Alcuni magistrati, come il pubblico ministero di Milano Stefano Dambruoso, avvertono che è molto difficile trasformare l'intelligence in "evidence" e ricordano che "anche Paesi di antica tradizione democratica, come la Gran Bretagna e gli Stati Uniti, hanno emanato legislazioni "speciali" (in base al solo sospetto, arresto sine die fino a conclusione delle indagini)". Il ministro dell'Interno non crede che questa sia una strada e una strategia praticabili. Non crede che si possano deformare le regole del processo senza violare, con la libertà dell'individuo, diritti inalienabili. E tuttavia, sbarrata la strada giudiziaria, Pisanu pensa di dover prendere sulle proprie spalle e per intera la responsabilità di "isolare e mettere in condizioni di non nuocere" gli islamici intolleranti, i violenti, i predicatori d'odio, coloro a vario titolo sono sospettati di essere sensibili, attratti o già in contatto con lo jihadismo. E' la strada dell'espulsione amministrativa dei personaggi sospettati di essere una minaccia per la sicurezza nazionale, già utilizzata contro 7 immigrati islamici. E' una strada che si può allargare fino a contenere tutti gli uomini, in qualche modo, coinvolti per il loro passato di combattenti della "guerra santa" in altre parti del mondo, per i loro contatti o frequentazioni nelle indagini dell'antiterrorismo? Pisanu sembra sapere che non tutte quelle inchieste sono genuine o fondate o documentate. Cerca in queste ore di trovare una "griglia" per dare alla selezione dei sospetti la maggior consistenza di "plausibili indizi di pericolosità". Non è l'unico dilemma che deve sciogliere. Il secondo è politico. Il terzo è strategico.
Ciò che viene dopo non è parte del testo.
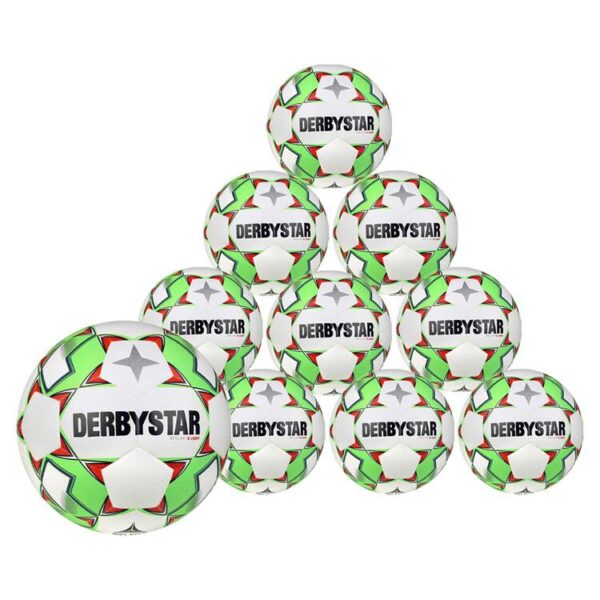 derbystar brillant db s light v23 trainingsball 10er ballpaket weiss gruen rot gr 3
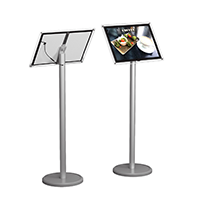 ЦИРКОН А3 Стойка информационная с тонкой световой панелью серая П.01.01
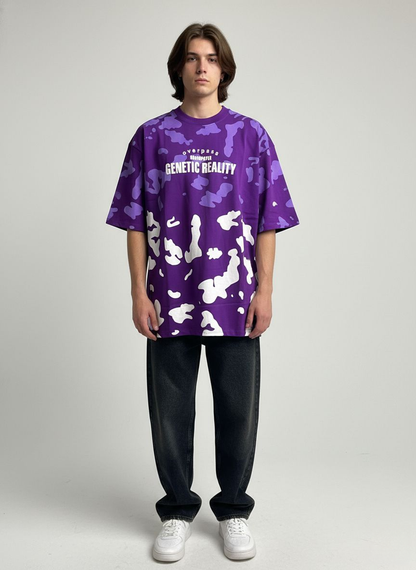 Unisex Purple Oversized Drop Shoulder T-Shirt – Cozy & Soft Casual Tee | Genetic Reality Camouflage Design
Come reagirà l'opinione pubblica, europea e nazionale, a un'ondata di espulsioni che potrebbe toccare quote mai nemmeno immaginate nell'Occidente democratico? La soluzione potrebbe saltare fuori dal vertice dei ministri dell'Interno di domani a Bruxelles. Se tutti i principali Paesi "a rischio" dell'Unione europea dovessero applicare la stessa strategia dell'espulsione, magari con l'avallo della commissione di Romano Prodi, sarebbe più facile per Pisanu affrontare, in Italia, il dibattito pubblico e parlamentare. Rimane da valutare se "la strategia delle espulsioni", dopo un primo benefico effetto per la sicurezza nazionale, non faccia fiorire nel medio periodo frutti dolorosamente avvelenati ed effetti addirittura opposti. Un più ampio reclutamento, per esempio. Maggior rancore. Più ostilità religiosa. Definitive "scelte di campo". Lo si può dire in un altro modo. Che effetto avrebbero espulsioni di massa su quella che Khaled Fouad Allam ha definito, da queste colonne, "la generazione perdente nei processi di integrazione", i giovani islamici nordafricani, mediorientali, asiatici che vivono nelle nostre periferie urbane, già oggi pericolosamente "strumentalizzabili" dai gruppi del terrore? Quella soluzione che apparentemente farebbe tirare nell'immediato un sospiro di sollievo, spezzerebbe o sovrapporrebbe ancora più minacciosamente "terrorismo nichilista e deficit di integrazione"? E' la domanda che tormenta in queste ore Giuseppe Pisanu. Domani da Bruxelles ne sapremo di più.